Hearst-Argyle-owned ABC affiliate KOCO-TV generated more than $100,000 in profit from its recent locally produced special "Oklahoma's Ultimate Makeover," in which women underwent plastic surgery to achieve a new look. (The national ABC network airs both "Extreme Makeover" and "Extreme Makeover: Home Edition.") With the concept, the station brought in several advertisers-local Lasik doctors, plastic surgeons and cosmetic dentists-who don't typically buy on-air spots. The show was a chance to lure them to the station and generate "nontraditional revenue," said Dominique Homsey Gross, sales marketing manager for the station. "The sponsors that did all of the work [on the women] pay to be part of the show."

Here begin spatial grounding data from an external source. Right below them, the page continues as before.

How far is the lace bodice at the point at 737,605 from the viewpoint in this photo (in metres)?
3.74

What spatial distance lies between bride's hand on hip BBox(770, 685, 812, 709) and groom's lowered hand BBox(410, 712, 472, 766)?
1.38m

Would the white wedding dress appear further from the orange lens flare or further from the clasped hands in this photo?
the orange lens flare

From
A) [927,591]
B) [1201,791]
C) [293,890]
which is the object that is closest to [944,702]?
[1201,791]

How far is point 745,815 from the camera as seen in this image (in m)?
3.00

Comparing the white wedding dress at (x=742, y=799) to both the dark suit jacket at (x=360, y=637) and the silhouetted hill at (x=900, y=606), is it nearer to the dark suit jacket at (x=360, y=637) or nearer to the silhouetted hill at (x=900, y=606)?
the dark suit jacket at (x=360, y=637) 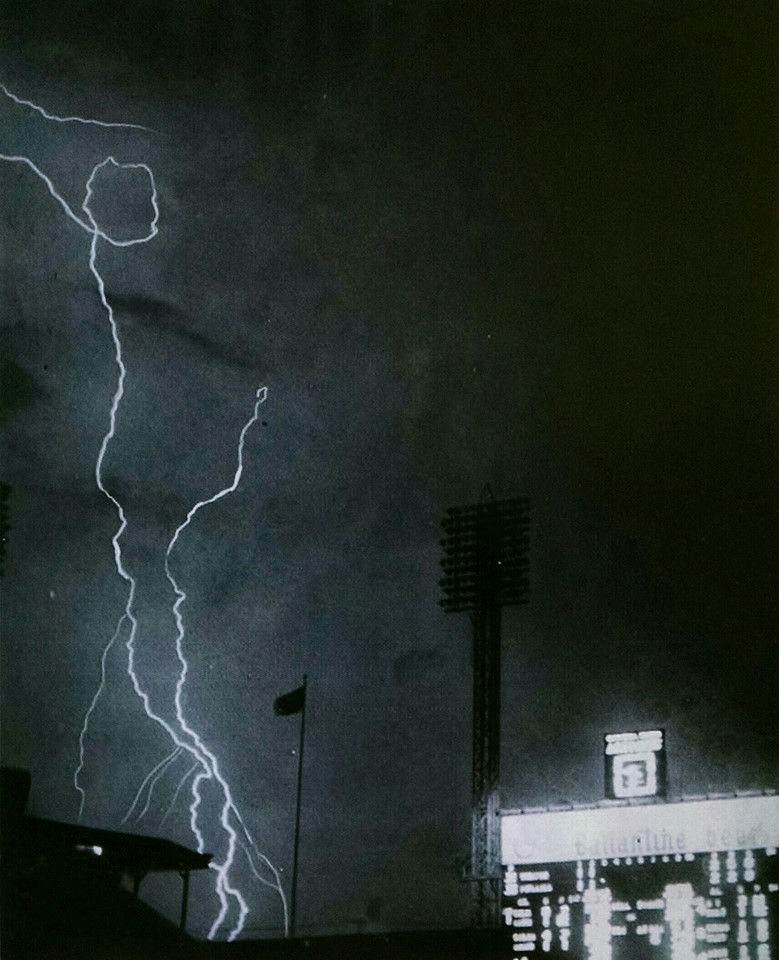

In addition to Oklahoma University Medical Center, Smile Solutions and TLC Lasik Eye Centers, other sponsors included a local hair salon, a spa and a body-toning center.

While national cable and broadcast networks often require an advertiser to place media buys to be integrated into a show, KOCO does not. "The majority of our nontraditional revenue has nothing to do with spot buys," Ms. Homsey Gross said.


This style of programming allows local advertisers to participate in a bigger way than they can through 30-second spots, said Gordon Borrell, president of Borrell Associates, a research and consulting firm focusing on local media. After all, a local plastic surgeon isn't going to find a brand-integration opportunity with a national network.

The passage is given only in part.